Rapports de Human Rights Watch

VI. Détention illégale par des agents du SNR

Le gouvernement  n’a pas réussi à assurer un contrôle réel des installations de détention du SNR. A Bujumbura même, le SNR dirige au moins deux sites de détention, un dans le quartier de Rohero 1 et l’autre à côté du bureau du Procureur général.

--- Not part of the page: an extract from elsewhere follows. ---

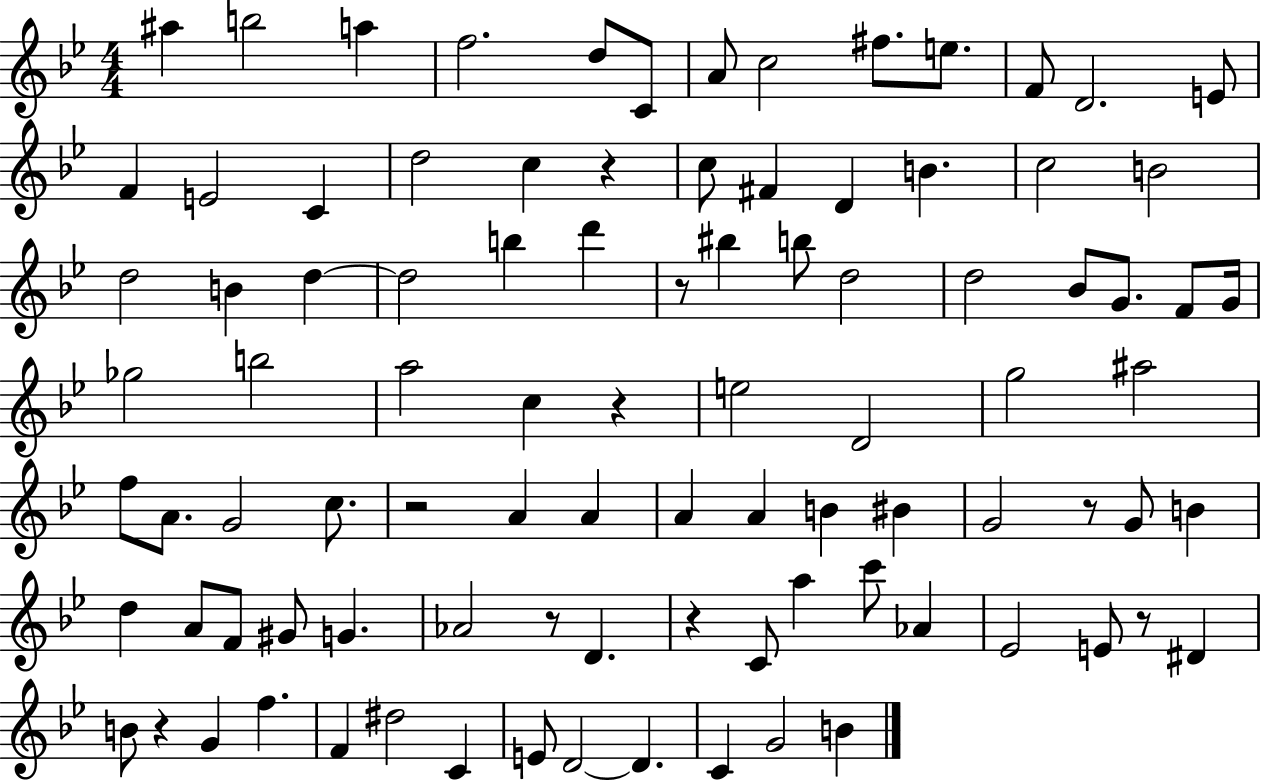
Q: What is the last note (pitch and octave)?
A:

D’après la loi, les procureurs généraux sont mandatés pour visiter les installations de détention dans leur juridiction.113 Le procureur de Bujumbura Mairie a confirmé avoir eu accès aux installations du SNR lors de visites d’inspection occasionnelles, mais d’après d’autres personnes de son équipe qui ont cherché à visiter les sites, les magistrats et les procureurs se sont parfois vu refuser l’admission par des membres du  SNR .114 L’un a déclaré : « Il y a beaucoup de cachots et de cellules dans l’enceinte du SNR. Elles fonctionnent complètement en dehors de la loi. Nous ne savons vraiment pas ce qui s’y passe. »115 Le Comité international de la Croix-Rouge a eu accès aux cachots du SNR en deux occasions en mai et septembre 2006.116 Les observateursdes droits humains de l’ONUB n’ont pas eu accès aux sites de détention du service de renseignement depuis décembre 2005, et des enquêteurs locaux et internationaux sur les droits humains qui font des comptes-rendus publics de leurs résultats n’ont pas été autorisés à visiter les installations, laissant les détenus privés de garanties élémentaires contre de graves  violations  potentielles des droits humains.117

Selon la procédure légale burundaise de l’instruction criminelle, une personne peut être détenue par la police judiciaire pendant une semaine, durée qui peut être prolongée à deux semaines en cas de « prorogation indispensable » et doit ensuite être inculpée ou relâchée.118 Il semble qu’au moins trois combattants présumés des FNL aient été détenus au SNR pendant des mois sans être inculpés. Aloys Nzabampema a été placé en détention le 8 novembre 2005,119 et il n’a pas été transféré dans un autre lieu de détention ni remis en liberté. Un témoin détenu auparavant dans les cachots du SNR a dit aux chercheurs de Human Rights Watch que Nzabampema y était encore à la mi-août 2006.120 Deux autres hauts dirigeants présumés des FNL ont été détenus par des agents du SNR depuis le 4 juillet 2006.121 Ces hommes pourraient avoir été impliqués dans de graves violations du droit international humanitaire. Si des renseignements crédibles permettant d’engager des poursuites existent, les autorités devraient les inculper et les faire passer en jugement. Sinon, ils devraient être relâchés. Selon le procureur de Bujumbura Mairie, le SNR a dit que les trois hommes seraient envoyés dans un centre de démobilisation pour combattants des FNL administré par le ministère de la Défense, mais à la fin du mois de septembre des sources militaires disaient qu’ils n’y étaient pas arrivés.122 

Human Rights Watch a décrit de façon détaillée de nombreux autres cas de présumés combattants des FNL se trouvant maintenant dans le système pénitentiaire normal et détenus au-delà de la limite légale de la détention préventive.123 Contrairement à ceux qui sont détenus par le SNR, cependant, ces détenus ont été placés en détention dans des sites visités régulièrement par des observateurs des droits humains des ONG et de la division des Droits de l’Homme de l’ONUB.  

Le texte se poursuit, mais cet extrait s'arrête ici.